This was the home of Confederate General Lloyd Tilghman. Tilghman was born in Claiborne, Maryland in 1815. His family had a long and distinguished history in Maryland. He graduated from West Point with the Class of 1836 and was a veteran of the Mexican War. Tilghman settled in Paducah in 1852, working as a civil engineer and supervising construction of the New Orleans and Ohio Railroad. At the beginning of the Civil War he was western commander of the Kentucky State Guard, formed to protect Kentucky's neutrality. However, when those attempts failed, he was commissioned a Brigadier General in the Confederate Army. Tilghman organized the Third Kentucky Infantry and the majority of the men in the western division of the Kentucky State Guard followed him in joining the Confederacy.
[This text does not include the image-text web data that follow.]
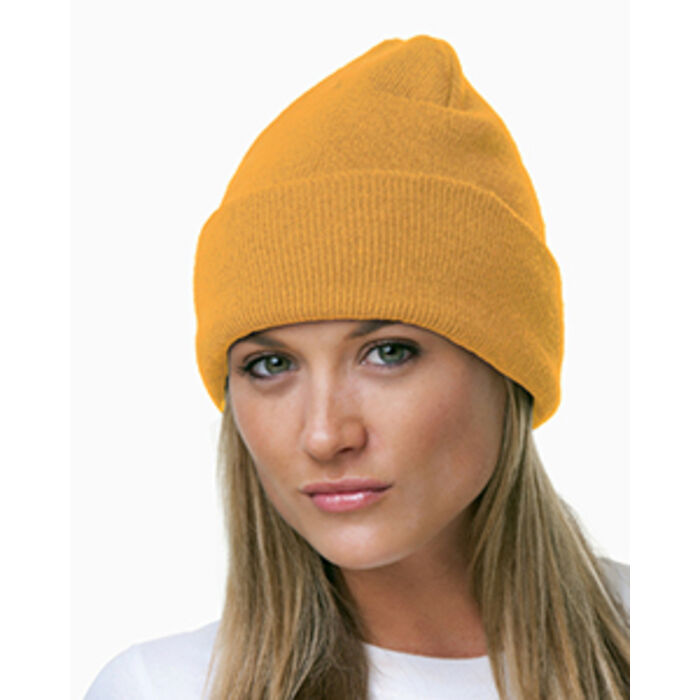 USA Made Knit Cuff Beanie Thumbnail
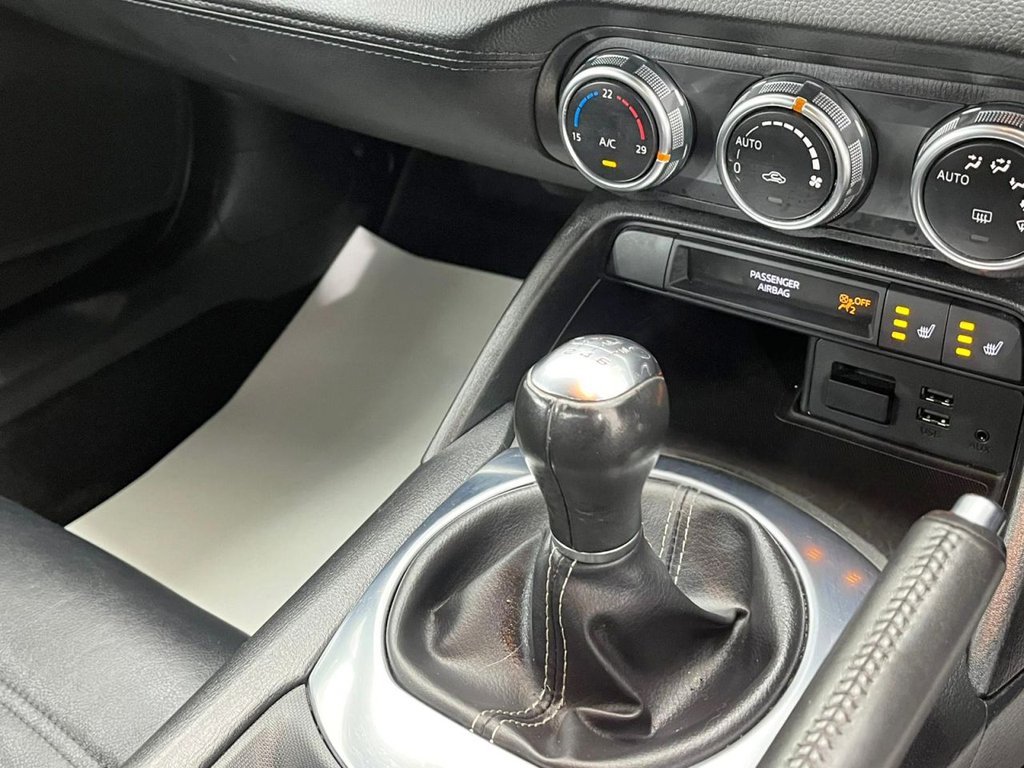 Used Fiat 124 Spider 2018 for sale - 76820717: Photo 23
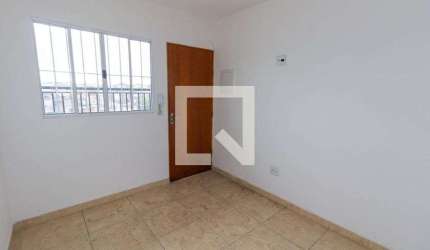 Apartamento para Aluguel - Ermelino Matarazzo, 2 Quartos,  42 m² - São Paulo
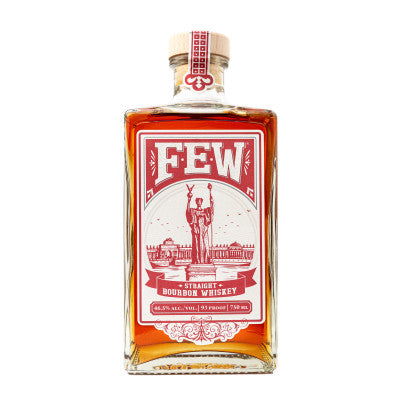 FEW Bourbon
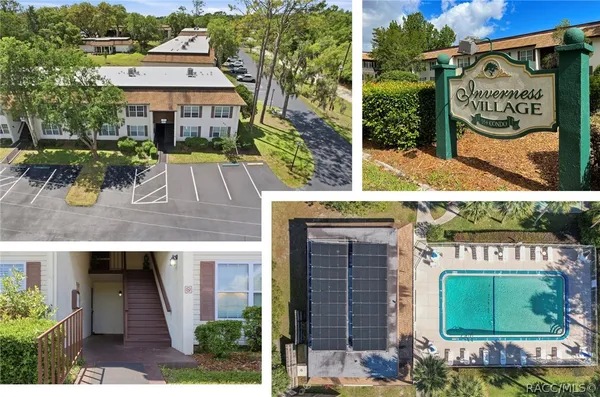 $97,900 | 2400 Forest Drive, Unit 149, Inverness, FL 34453
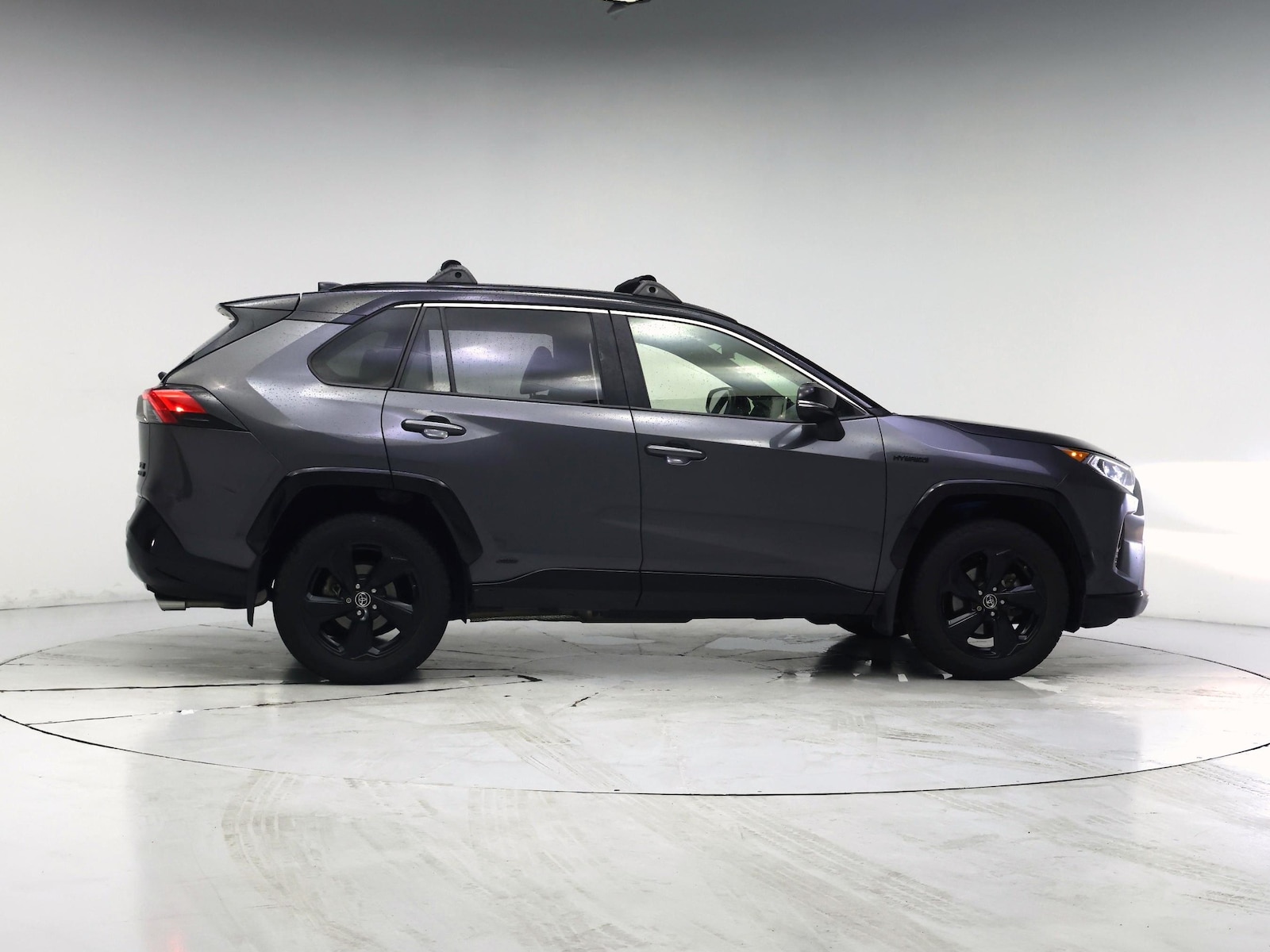 2019 Toyota RAV4 XSE - Photo 8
In December 1861, Tilghman was named commander of Fort Henry on the Tennessee River. He quickly recognized the poor position of the fort and ordered the construction of Fort Heiman begun on high ground across the river.
Late in day on February 4, 1862 then Brigadier General Ulysses S. Grant with two divisions supported by seven gunboats lead [sic] by Flag Office Andrew H. Foote arrived downstream from Fort Henry. Tilghman assessed the situation and consulted with his officers. On February 6, 1862, realizing that the fall of Fort Henry was unavoidable, Tilghman sent most of the garrison to Fort Donelson on the Cumberland River to reinforce that position. Tilghman returned to Fort Henry and with a small force for several hours, allowing the main body of the Fort Henry garrison to reach Fort Donelson. He then surrendered the fort to the Union gunboats under Foote.
Tilghman was sent to Fort Warren, Massachusetts as a Prisoner of War. However, he was released as part of a prisoner exchange only a few months later and immediately returned to service as commander of the 1st Brigade of Major General William Loring's Army of the West which included the Third Kentucky. He fought at Corinth and Holly Springs in Mississippi. On May 16, 1863 while commanding his troops in the Battle of Champion Hill he was struck by a shell fragment and fatally wounded.
The Tilghman House was saved from demolition by community volunteers and restored to serve as a Civil War Museum focused on the role of the western rivers and western Kentucky in the Civil War. In 1998 it was listed on the National Register of Historic Places.